» TASK OBJECTIVE
An exact repetition of all the entries that follow is required.

[Web page caption snippets]
■ ■ ■ ■ ■

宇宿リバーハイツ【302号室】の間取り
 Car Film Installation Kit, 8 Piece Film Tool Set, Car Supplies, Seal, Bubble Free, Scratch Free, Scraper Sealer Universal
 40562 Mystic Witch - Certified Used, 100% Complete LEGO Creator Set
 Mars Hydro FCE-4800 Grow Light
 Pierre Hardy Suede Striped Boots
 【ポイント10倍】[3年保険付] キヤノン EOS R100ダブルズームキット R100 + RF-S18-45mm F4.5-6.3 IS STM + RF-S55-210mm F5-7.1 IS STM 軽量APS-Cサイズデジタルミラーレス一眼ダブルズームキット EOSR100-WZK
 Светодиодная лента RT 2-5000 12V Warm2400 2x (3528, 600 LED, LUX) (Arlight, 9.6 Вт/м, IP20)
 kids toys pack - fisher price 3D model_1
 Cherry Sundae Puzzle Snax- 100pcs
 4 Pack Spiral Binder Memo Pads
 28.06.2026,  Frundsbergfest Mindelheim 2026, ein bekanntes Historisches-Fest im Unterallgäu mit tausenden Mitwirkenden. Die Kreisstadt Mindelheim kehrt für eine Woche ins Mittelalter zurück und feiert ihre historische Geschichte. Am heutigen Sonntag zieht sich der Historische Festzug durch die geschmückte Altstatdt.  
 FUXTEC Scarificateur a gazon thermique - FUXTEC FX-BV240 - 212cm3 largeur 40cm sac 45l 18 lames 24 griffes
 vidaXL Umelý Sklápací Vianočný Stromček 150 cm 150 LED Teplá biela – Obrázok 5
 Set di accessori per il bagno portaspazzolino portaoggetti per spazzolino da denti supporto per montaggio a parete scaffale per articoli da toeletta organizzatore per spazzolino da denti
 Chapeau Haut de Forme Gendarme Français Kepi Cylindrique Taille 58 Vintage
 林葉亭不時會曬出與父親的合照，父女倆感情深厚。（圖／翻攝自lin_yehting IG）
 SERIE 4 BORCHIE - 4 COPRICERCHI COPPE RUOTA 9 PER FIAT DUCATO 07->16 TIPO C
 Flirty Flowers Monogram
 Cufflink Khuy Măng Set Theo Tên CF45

■ ■ ■ ■ ■

» RESPONSE AREA
宇宿リバーハイツ【302号室】の間取り
 Car Film Installation Kit, 8 Piece Film Tool Set, Car Supplies, Seal, Bubble Free, Scratch Free, Scraper Sealer Universal
 40562 Mystic Witch - Certified Used, 100% Complete LEGO Creator Set
 Mars Hydro FCE-4800 Grow Light
 Pierre Hardy Suede Striped Boots
 【ポイント10倍】[3年保険付] キヤノン EOS R100ダブルズームキット R100 + RF-S18-45mm F4.5-6.3 IS STM + RF-S55-210mm F5-7.1 IS STM 軽量APS-Cサイズデジタルミラーレス一眼ダブルズームキット EOSR100-WZK
 Светодиодная лента RT 2-5000 12V Warm2400 2x (3528, 600 LED, LUX) (Arlight, 9.6 Вт/м, IP20)
 kids toys pack - fisher price 3D model_1
 Cherry Sundae Puzzle Snax- 100pcs
 4 Pack Spiral Binder Memo Pads
 28.06.2026,  Frundsbergfest Mindelheim 2026, ein bekanntes Historisches-Fest im Unterallgäu mit tausenden Mitwirkenden. Die Kreisstadt Mindelheim kehrt für eine Woche ins Mittelalter zurück und feiert ihre historische Geschichte. Am heutigen Sonntag zieht sich der Historische Festzug durch die geschmückte Altstatdt.  
 FUXTEC Scarificateur a gazon thermique - FUXTEC FX-BV240 - 212cm3 largeur 40cm sac 45l 18 lames 24 griffes
 vidaXL Umelý Sklápací Vianočný Stromček 150 cm 150 LED Teplá biela – Obrázok 5
 Set di accessori per il bagno portaspazzolino portaoggetti per spazzolino da denti supporto per montaggio a parete scaffale per articoli da toeletta organizzatore per spazzolino da denti
 Chapeau Haut de Forme Gendarme Français Kepi Cylindrique Taille 58 Vintage
 林葉亭不時會曬出與父親的合照，父女倆感情深厚。（圖／翻攝自lin_yehting IG）
 SERIE 4 BORCHIE - 4 COPRICERCHI COPPE RUOTA 9 PER FIAT DUCATO 07->16 TIPO C
 Flirty Flowers Monogram
 Cufflink Khuy Măng Set Theo Tên CF45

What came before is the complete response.